# GPoM: Modelling

## Global Modelling

This document gives an illustration on how to apply the global modelling technique. The aim of global modelling is to obtain models of Ordinary Differential Equations (ODEs) of polynomial form from either single or multiple time series. Such type of modelling requires a careful time series preprocessing. Such data preprocessing was sketched in the vignette II_PreProcessing. In the present vignette, it is assumed that a careful and adapted preprocessing was already applied to the studied time series, so that the modelling tools can be applied directly.

## Single time series modelling

The chaotic system introduced Rössler in 19761 is well adapted to illustrate the high skills of the approach to model nonlinear dynamics. Simulations from this chaotic system are available in the GPoM package and can be directly loaded as follows:

    # load data
data("Ross76")

(note that the GPoM package can easily be used to produce such chaotic data set, see vignette I_Generate).

The loaded variable Ross76 is a matrix. The time vector is in the first column and the variables $$x$$, $$y$$ and $$z$$ in the next columns two to four. The global modelling from one single time series is presented in the present section. The variable $$y$$ will be considered here:

    # time vector
tin <- Ross76[,1]
# single time series
data <- Ross76[,3]
# plot
plot(tin, data, type='l',
xlab = 't', ylab = 'y(t)', main = 'Original time series')

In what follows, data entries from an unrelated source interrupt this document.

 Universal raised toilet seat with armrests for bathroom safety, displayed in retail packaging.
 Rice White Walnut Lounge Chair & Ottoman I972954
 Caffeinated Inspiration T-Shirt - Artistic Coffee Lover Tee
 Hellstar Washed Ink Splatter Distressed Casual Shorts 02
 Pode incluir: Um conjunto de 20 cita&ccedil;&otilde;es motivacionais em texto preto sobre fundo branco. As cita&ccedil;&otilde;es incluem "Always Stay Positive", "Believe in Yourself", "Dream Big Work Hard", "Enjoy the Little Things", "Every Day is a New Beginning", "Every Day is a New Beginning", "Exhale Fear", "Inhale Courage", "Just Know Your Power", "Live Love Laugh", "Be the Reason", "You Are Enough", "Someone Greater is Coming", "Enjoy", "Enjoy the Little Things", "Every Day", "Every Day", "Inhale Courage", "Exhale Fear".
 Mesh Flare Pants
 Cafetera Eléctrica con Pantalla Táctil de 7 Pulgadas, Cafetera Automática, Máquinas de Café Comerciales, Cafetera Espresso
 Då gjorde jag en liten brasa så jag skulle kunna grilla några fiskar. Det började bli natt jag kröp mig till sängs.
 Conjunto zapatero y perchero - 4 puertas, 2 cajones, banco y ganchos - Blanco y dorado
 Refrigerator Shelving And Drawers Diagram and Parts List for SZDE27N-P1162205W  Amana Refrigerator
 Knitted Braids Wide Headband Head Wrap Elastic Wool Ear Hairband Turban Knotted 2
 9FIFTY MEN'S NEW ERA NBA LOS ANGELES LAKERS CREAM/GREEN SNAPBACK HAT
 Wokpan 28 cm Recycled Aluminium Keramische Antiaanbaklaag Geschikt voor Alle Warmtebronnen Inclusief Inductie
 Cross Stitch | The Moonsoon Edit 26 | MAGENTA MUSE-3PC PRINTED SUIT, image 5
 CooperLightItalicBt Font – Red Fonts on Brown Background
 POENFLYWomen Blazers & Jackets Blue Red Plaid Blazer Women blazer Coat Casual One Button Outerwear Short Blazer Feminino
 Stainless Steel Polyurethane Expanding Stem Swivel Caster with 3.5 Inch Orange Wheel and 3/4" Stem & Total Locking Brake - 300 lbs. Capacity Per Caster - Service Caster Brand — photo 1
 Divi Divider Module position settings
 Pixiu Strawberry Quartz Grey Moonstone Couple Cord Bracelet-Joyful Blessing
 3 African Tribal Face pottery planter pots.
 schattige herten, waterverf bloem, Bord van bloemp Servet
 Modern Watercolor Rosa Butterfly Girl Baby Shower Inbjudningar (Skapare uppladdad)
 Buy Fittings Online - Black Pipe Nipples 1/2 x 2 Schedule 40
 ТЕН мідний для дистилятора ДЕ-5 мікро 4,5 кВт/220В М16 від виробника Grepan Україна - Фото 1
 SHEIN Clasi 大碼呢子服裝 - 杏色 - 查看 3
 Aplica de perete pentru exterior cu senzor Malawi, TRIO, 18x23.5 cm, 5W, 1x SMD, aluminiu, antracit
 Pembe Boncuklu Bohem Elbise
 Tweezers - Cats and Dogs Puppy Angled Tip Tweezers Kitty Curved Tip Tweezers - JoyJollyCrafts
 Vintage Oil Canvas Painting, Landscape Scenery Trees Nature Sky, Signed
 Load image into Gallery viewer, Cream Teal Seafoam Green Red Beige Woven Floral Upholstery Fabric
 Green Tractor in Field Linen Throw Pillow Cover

Starting from single time series, the following canonical form of equations may be expected2:

$$dX_1/dt = X_2$$

$$dX_2/dt = X_3$$

$$...$$

$$dX_n/dt = P(X_1, X_2, ..., X_n)$$

To apply the global modelling technique to the time series presented above, it is necessary to choose a trial model dimension nVar and maximal polynomial degree dMax. To restrict the model search, the minimum and maximum number of parameters can be chosen manually with nPmin and nPmax. IstepMax corresponds to the maximum iterations of the numerical integration.

    # model dimension
nVar = 3
# maximum polynomial degree
dMax = 2
# generalized Polynomial modelling
out1 <- gPoMo(data, tin=tin, dMax = dMax, nS = nVar, show = 0,
nPmin = 9, nPmax = 11, verbose = FALSE, IstepMax = 3000)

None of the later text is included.